*What you should do*. For the entries below, repeat exactly each line starting with the one that contains "Selena Gomez anuncia" and going on through the one that contains "2004 Chevrolet Silverado", and no others.

*Provided material*.

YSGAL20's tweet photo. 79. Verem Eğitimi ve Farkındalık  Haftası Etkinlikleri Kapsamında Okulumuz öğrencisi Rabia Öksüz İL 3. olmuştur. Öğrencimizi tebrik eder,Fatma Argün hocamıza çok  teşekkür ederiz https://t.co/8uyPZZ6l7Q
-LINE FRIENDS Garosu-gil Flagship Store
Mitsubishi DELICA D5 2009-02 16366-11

--

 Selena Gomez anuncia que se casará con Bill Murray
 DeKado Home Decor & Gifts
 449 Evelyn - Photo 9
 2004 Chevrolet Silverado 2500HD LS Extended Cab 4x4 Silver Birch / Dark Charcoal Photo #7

*Result for this task*.
 Selena Gomez anuncia que se casará con Bill Murray
 DeKado Home Decor & Gifts
 449 Evelyn - Photo 9
 2004 Chevrolet Silverado 2500HD LS Extended Cab 4x4 Silver Birch / Dark Charcoal Photo #7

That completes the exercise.